- Associated Press - Friday, June 26, 2015

SALT LAKE CITY (AP) - The Great Salt Lake’s dry summertime lakebeds may be causing a chemical reaction that produces smog and spikes pollution and health problems for northern Utah residents, according to state researchers.

A team of scientists from the University of Utah, Weber State University, Utah State University and the Utah Division of Air Quality began measuring ozone levels this month over and around the Great Salt Lake.

They hope to pinpoint causes of summer pollution in heavily-populated areas along the Wasatch Front. They say the data will also help Utah prepare for stricter ozone standards the U.S. Environmental Protection Agency is considering.

Utah researchers are zeroing in on the lake after research three years ago found elevated ozone levels near the Great Salt Lake, according to a report in The Deseret News (http://bit.ly/1Cp6QQt ).

University of Utah atmospheric scientist John Horel said the lake plays a big role in wind patterns, with breezes pulling pollutants from cars, homes and businesses in nearby urban areas over the lake. The pollutants then react to intense sunlight reflected by the Great Salt Lake’s dry lakebeds, causing a chemical reaction that produces ozone pollution, a key producer of smog.

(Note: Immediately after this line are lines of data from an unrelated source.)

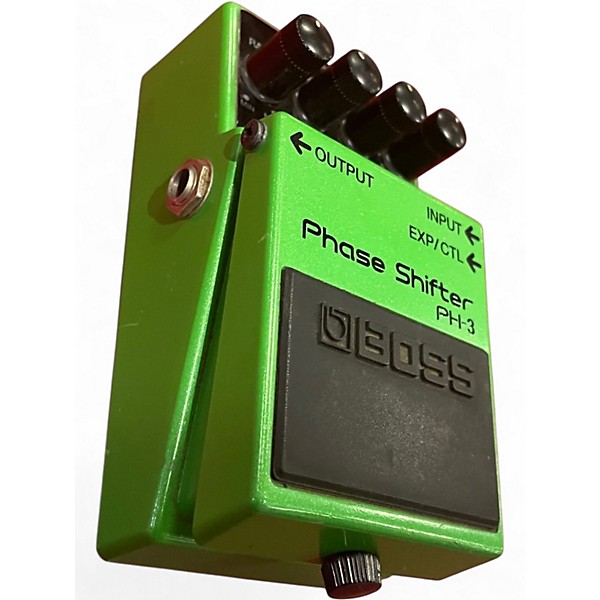Used BOSS PH3 Phase Shifter Effect Pedal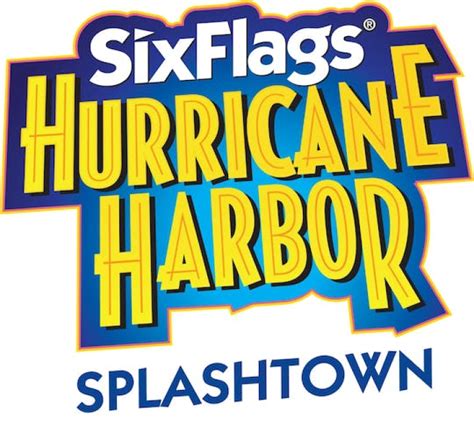 Houston Six Flags Hurricane Harbor Splashtown Admission Ticket Kkday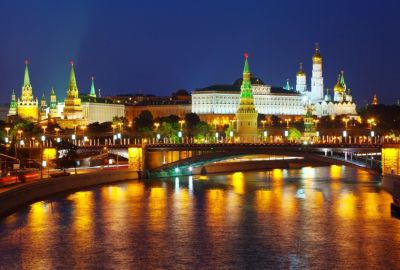 Moskova - St. Petersburg Turu - İstanbul dan THY ile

To measure ozone levels this summer, researchers are using 18 sensors stationed around northern Utah locations, and mobile pollution sensors attached to a TRAX light rail train car and researchers’ own vehicles.

Researchers drive the sensor-equipped cars along collection points around the Great Salt Lake to measure ozone levels.

Horel said the research team is also using balloons and unmanned aerial vehicles, also known as drones, to launch sensors into the air.

“We are already seeing a lot of fascinating variations in the levels of pollutants, ones that we are certainly not understanding yet,” Horel said.

He cited recent readings that found the highest ozone levels near the University of Utah in the foothills of the mountains.

The research team plans to continue collecting ozone data above and around the lake through August.